Companion Policy to NI 81-102 Investment Funds
Part 11 Commingling of Cash
Section 11.1

Commingling of Cash

(1)Part 11 of the Instrument requires principal distributors and participating dealers to account separately for cash they may receive for the purchase of, or upon the redemption of, investment fund securities. Those principal distributors and participating dealers are prohibited from commingling any cash so received with their other assets or with cash held for the purchase or upon the sale of securities of other types of securities. The Canadian securities regulatory authorities are of the view that this means that dealers may not deposit into the trust accounts established under Part 11 cash obtained from the purchase or sale of other types of securities such as guaranteed investment certificates, government treasury bills, segregated funds or bonds.

(2) Subsection s 11.1(2) and 11.2(2) of the Instrument state that principal distributors and participating dealers, respectively, may not use any cash received for the investment in investment fund securities to finance their own operations. The Canadian securities regulatory authorities are of the view that any costs associated with returned client cheques that did not have sufficient funds to cover a trade (“NSF cheques”) are a cost of doing business and should be borne by the applicable principal distributor or participating dealer and should not be offset by interest income earned on the trust accounts established under Part 11 of the Instrument.

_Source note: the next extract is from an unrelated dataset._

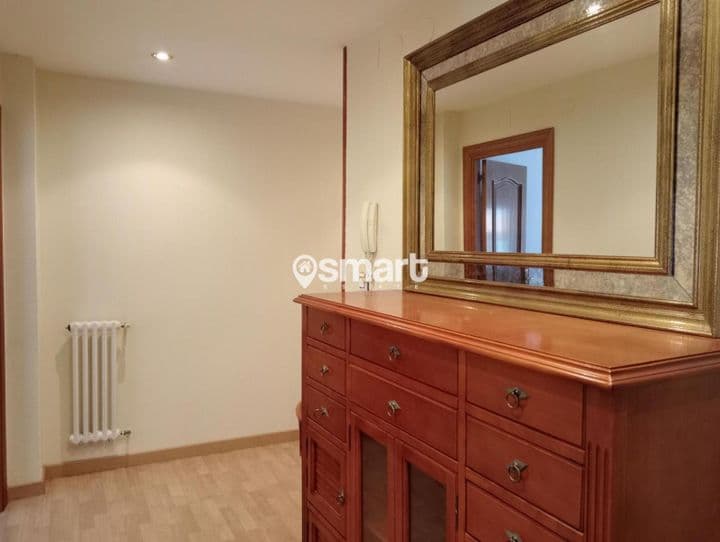 2 bedrooms apartment for rent in Oviedo, Spain - Image 9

(3) No overdraft positions should arise in these trust accounts.

(4) Subsections 11.1(3) and 11.2(3) of the instrument prescribe the circumstances under which a principal distributor or participating dealer, respectively, may withdraw funds from the trust accounts established under Part 11 of the instrument. This would prevent the practice of “lapping”. Lapping occurs as a result of the timing differences between trade date and settlement date, when cash of an investment fund client held for a trade which has not yet settled is used to settle a trade for another investment fund client who has not provided adequate cash to cover the settlement of that other trade on the settlement date. The Canadian securities regulatory authorities view this practice as a violation of sections 11.1(3) and 11.2(3) of the instrument.

(5)Subsection s 11.1(4) and 11.2(4) of the Instrument require that interest earned on cash held in the trust accounts established under Part 11 of the Instrument be paid to the applicable investment fund or its securityholders “pro rata based on cash flow”. The Canadian securities regulatory authorities are of the view that this requirement means, in effect, that the applicable investment fund or securityholder should be paid the amount of interest that the investment fund or securityholder would have received had the cash held in trust for that investment fund or securityholder been the only cash held in that trust account.

(6) Paragraph 11.3(b) of the Instrument requires that trust accounts maintained in accordance with sections 11.1 or 11.2 of the Instrument bear interest “at rates equivalent to comparable accounts of the financial institution”. A type of account that ordinarily pays zero interest may be used for trust accounts under sections 11.1 or 11.2 of the Instrumentso long as zero interest is the rate of interest paid on that type of account for all depositors other than trust accounts.